Quando eu era criança não conseguia separar o Céu da religião do céu da minha terra mesmo, aquele que pairava sobre
os morros e o rio. Por isso sempre imaginei o Céu cheio de passarinhos, todos os passarinhos vindos comer nas nossas palmas.
Quantas saíras! Tucanos, araras lindas, papagaios peripatéticos contando histórias, a capengar de um lado para outro, como
velhos marujos do ar – e chusmas de coleirinhos do brejo! Pavões!

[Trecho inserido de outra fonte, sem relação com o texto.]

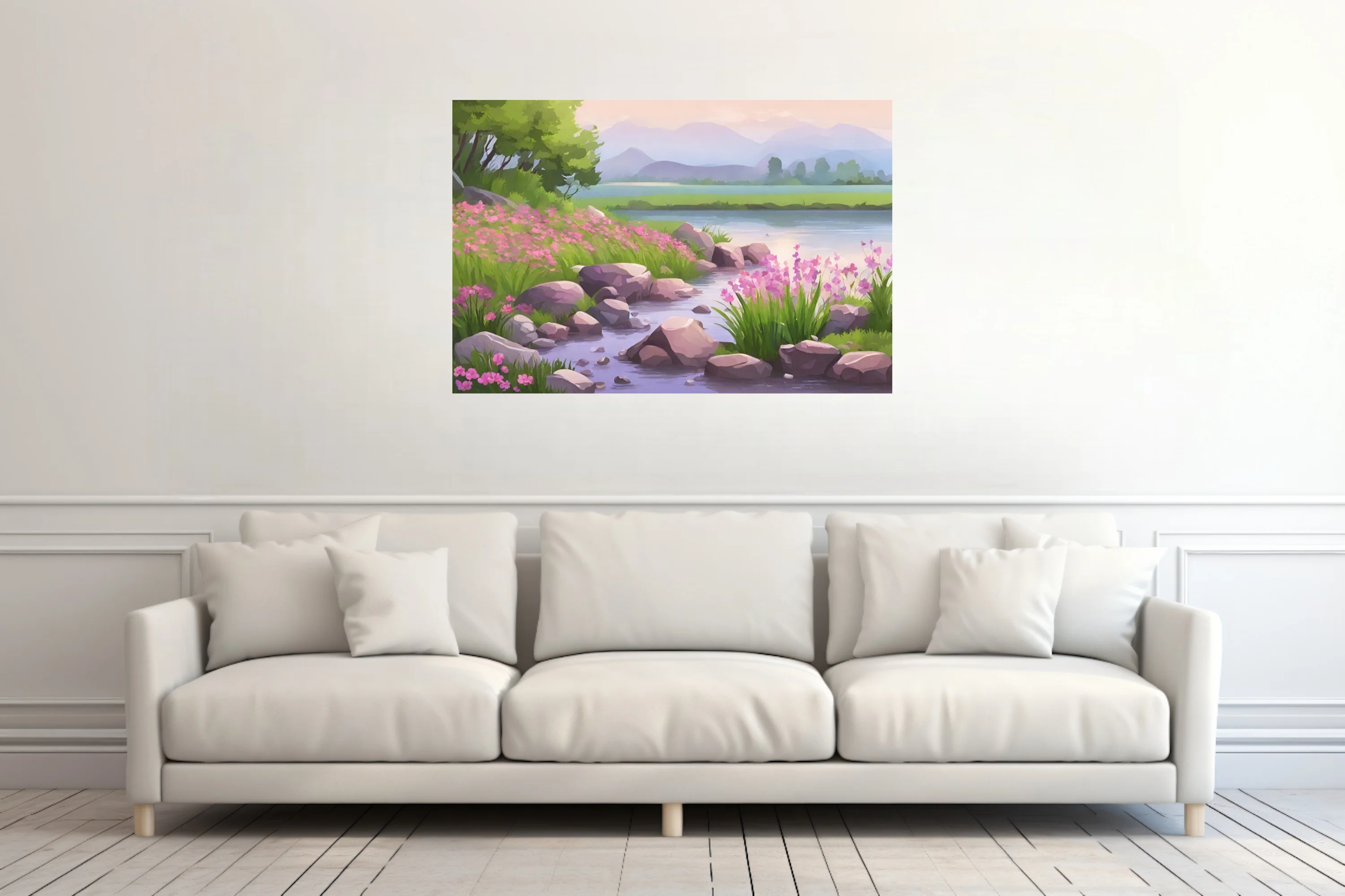 Cartoon-style spring river landscape with pink wildflowers, rocks, and misty mountains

Agora não tenho mais céu nenhum, nem com pássaros nem com anjos; e o meu céu de praia está escuro, com as estrelas
brilhando fracas no ar enevoado. Mas como é fácil de alegrar meu coração! Recebo um cartão de Paris, não é de amante nem
namorada, é apenas uma recente amiga; mas como foi gentil em se lembrar de mim, em me mandar seu abraço, e como está
linda na fotografia! Essa delicadeza gratuita me faz bem. Ganhei meu dia, ganhei minha noite, já não me sinto mais sozinho na
varanda triste.
Se a velhice tem alguma coisa abençoada é permitir essas amizades realmente isentas de malícia. Sentimento tranquilo,
sem ciúme. Mas ainda assim com uma delicadeza toda especial, com um sabor lírico muito leve. Esse cartão de Paris me fez
bem, um grande bem.
(BRAGA, Rubem, Um cartão de Paris. Seleção e organização de Domício Proença Filho, Record, 1997, pp. 108-110. Publicada, anteriormente, n' O
Estado de S. Paulo, de 09/1990. Disponível em: https://cronicabrasileira.org.br/cronicas/. Acesso em: 12/06/2024.)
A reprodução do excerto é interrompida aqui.